At ML 2, a vertical electrical resistivity monitoring system (subsurface monitoring device; SMD) was installed. The borehole for this system was made using pulse drilling with a diameter of about 15 cm. The SMD was used to measure the vertical distribution of ECbulk at a daily interval, using multiple electrodes located at various depths. The electrode spacing was 0.1 m from −6.5 to −10.3 m NAP. Above and below this section the electrode distance gradually increased to 0.7 m. The Wenner configuration was used to measure ECbulk.
At MLs 1 and 4, six 2.5-cm-diameter piezometers with a 40-cm-long screen were installed at depths where the mixing zone was present before the installation of the CARD system. The borehole was made using rotary flush drilling, with a diameter of about 20 cm. Bentonite plugs in between the screen were used to prevent short-circuiting of the groundwater (Stuyfzand 1993). About two times the volume of the piezometer was pumped to determine the ECw20, which was sufficient to obtain a stable value. During the period September 2013–May 2014, the ECw20 was sampled approximately bi-monthly.
In December 2013 and February 2014, electromagnetic (EM) borehole logging using a thin probe (SLIMFLEX) was conducted at MLs 1, 5, and 6. In the probe, an alternating electrical current is generated in a ‘transmitting’ coil to produce a primary EM field. This primary EM field produces electrical currents in the subsurface which lead to a secondary EM field. Both fields are measured in another coil at 50-cm distance from the transmitting coil. From the difference in amplitude and phase lag of the EM fields, ECbulk can be determined (McNeill 1980). The coils are situated such that the influence of the water in the borehole is negligible.
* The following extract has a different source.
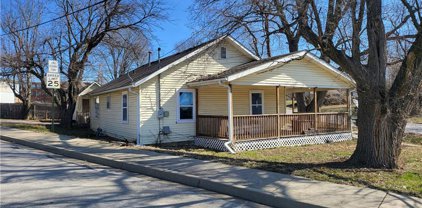 710 Chestnut Street, Belton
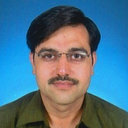 Kuldeep Nagiya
At MLs 1, 2, 4, and 6, groundwater levels were recorded at a 10-min interval using pressure transducers installed in piezometers. The piezometers had a 40-cm screen at the bottom, and the screens were located at 4 m from the surface. The borehole for the piezometer was made using hand pulse drilling equipment. The pressure transducers were read out, compared with manual measurements and re-installed approximately bi-monthly. The maximum difference between the manual measurement and the recorded pressure was 4 cm.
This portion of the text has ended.